Ein kräftiger Schluck aus der dunkelbraunen Flasche mit dem Sternburg-Export-Emblem, dessen Inhalt das Sinnbild des Abends werden sollte. Schal, ungewohnt bitter und vermutlich über dem Verfallsdatum, doch zu bekannt und wohl nur eine einzelne Geschmacksverirrung - nichts was die Verbundenheit so leicht ausmerzen könnte. Das nächste Mal wird es halt besser.
Ja, das wäre ein schönes Bild, doch es ist mehr ein Wunsch, denn Realität. Nicht für das Bier, aber für das Konzert. Und die folgenden.
Viele Schritte waren schon in der lauen Kreuzberger Nacht verklungen, bis meine Begleiterin das Schweigen brach: "Wir haben unsere Kleingeldprinzessin verloren". Ich stimmte ihr ohne Zögern zu.

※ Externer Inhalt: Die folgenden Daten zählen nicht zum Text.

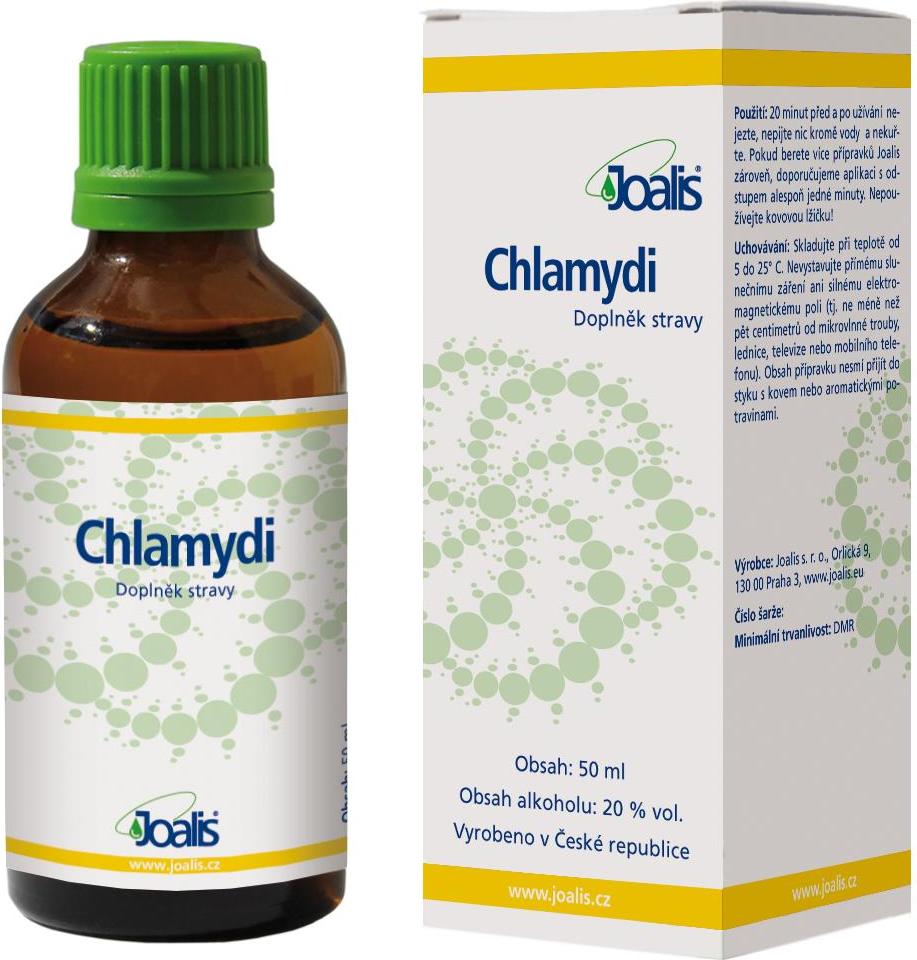Joalis Chlamydi, 50ml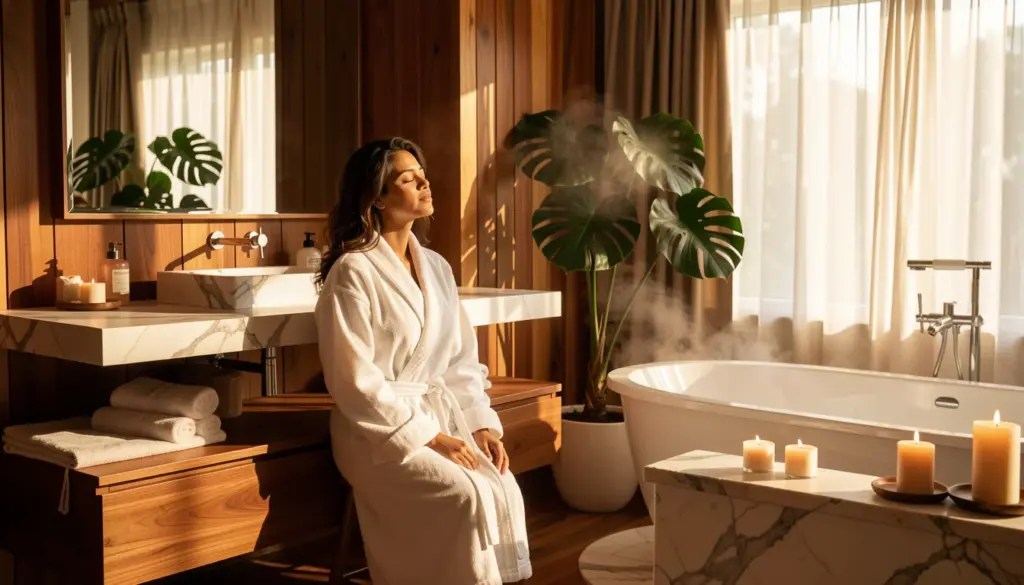 34 Ideias de Banheiro Madeira Que Viram Spa em Casa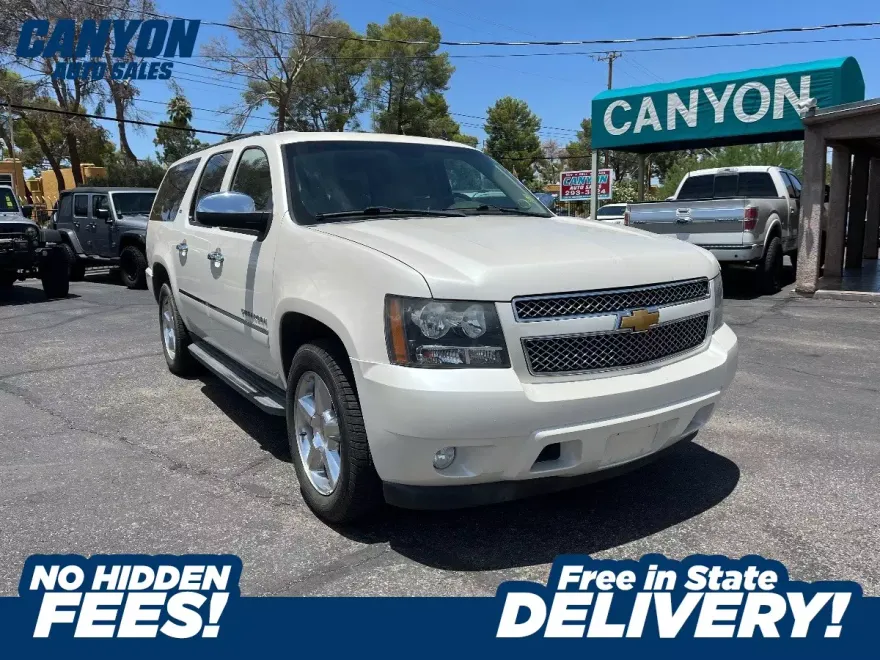 2014 Chevrolet Suburban LTZ photo 1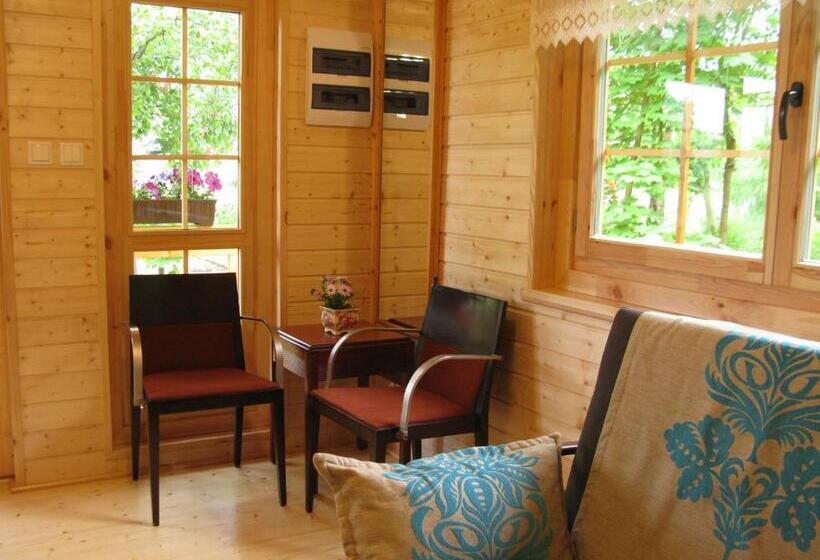 １ベッドルームハウス, Pensjonacik Ogrody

Das Lido, unweit vom Schlesischen Tor, ließ durch mangelndes Organisationsgeschick bereits im Vorfeld jede Vorfreude von der Skala stürzen. Kurz vor offiziellem Konzertbeginn zog sich eine lange Schlange von Wartenden durch die Straßen. Karteninhaber_innen durften sich darin auch einreihen, bis andertalb Stunden nach Einlassbeginn endlich auch wirklich Menschen hineingelassen wurden - bevorzugt jene mit Tickets. Zum Glück trieb mich mein Bauchgefühl zwei Tage vorher in den Ticket-Shop, allerdings kann ich mich mit so einem Diskotheken-Stil überhaupt nicht anfreunden. Security-Monster, lange Warteschlangen, Menschenmassen - und die Art der Zusammensetzung des Publikums, nein, das war nicht meine Welt. War ich die vergangenen Wochen und Monate fast nur auf subkulturellen HC- und Punkkonzerten unterwegs, wurde mir schnell wieder bewusst, warum das so war. Linksliberales, bürgerliches Gutmenschentum zwischen 20 und 30, welches schön am Geisteswissenschaften studieren ist und zwischen parteigebundenem hochschulpolitischem Engagement, Greenpeace-Solidarität und Fair-Trade-Kaffee eine bessere Welt herbeihalluziniert für die sie alle nicht im Geringsten bereit sind, den Preis zu zahlen. Das beste Beispiel mag wohl Dotas "Immer die Andern" gegeben haben. Jene, die am Lautesten mitgeschrieen haben, werden wohl selbst dem beschriebenen Verhalten folgen. Ich schwieg. Auch weil ich wusste, dass ihr Lied nicht nur das von mir angefeindete Restpublikum trifft - auch wenn ich meine, dass ich schon etwas weiter als jene sein mag.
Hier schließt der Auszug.